━━━━━ Collected material ━━━━━
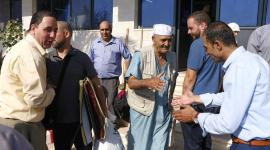  حجاج فلسطين يبدأون بالعودة الى أرض الوطن "أرشيفية"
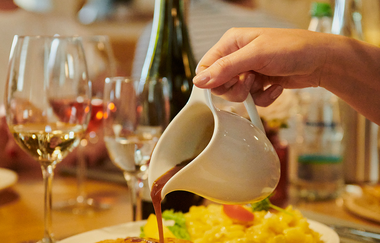 Besenwirtschaft im Weingut Bauer | Schmeck den Süden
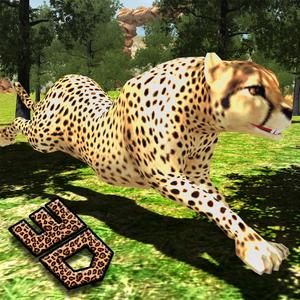 Wild Cheetah Jungle Simulator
━━━━━
§ **Task requirements**: The whole listing above, minus its pictures, is what you should write out word for word.

§ **Response to the exercise**:
  حجاج فلسطين يبدأون بالعودة الى أرض الوطن "أرشيفية"
 Besenwirtschaft im Weingut Bauer | Schmeck den Süden
 Wild Cheetah Jungle Simulator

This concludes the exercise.